**What you will do**
Begin at the line below that holds "Труба выхлопного газа ASSO 10.1033" and end at the line that holds "Reloj de pulsera", transcribing each line exactly and skipping any picture.

**Input material**
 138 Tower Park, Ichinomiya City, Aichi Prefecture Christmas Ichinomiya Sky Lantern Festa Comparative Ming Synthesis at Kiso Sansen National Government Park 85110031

...

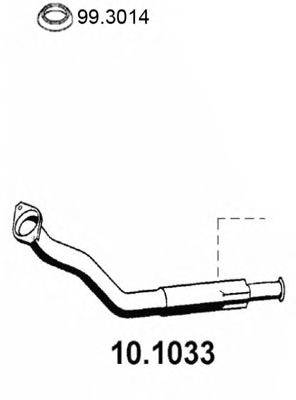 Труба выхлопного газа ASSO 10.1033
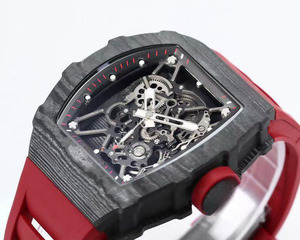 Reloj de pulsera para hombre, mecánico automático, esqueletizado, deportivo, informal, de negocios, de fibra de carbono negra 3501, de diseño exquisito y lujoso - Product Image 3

**Result for this task**
 Труба выхлопного газа ASSO 10.1033
 Reloj de pulsera para hombre, mecánico automático, esqueletizado, deportivo, informal, de negocios, de fibra de carbono negra 3501, de diseño exquisito y lujoso - Product Image 3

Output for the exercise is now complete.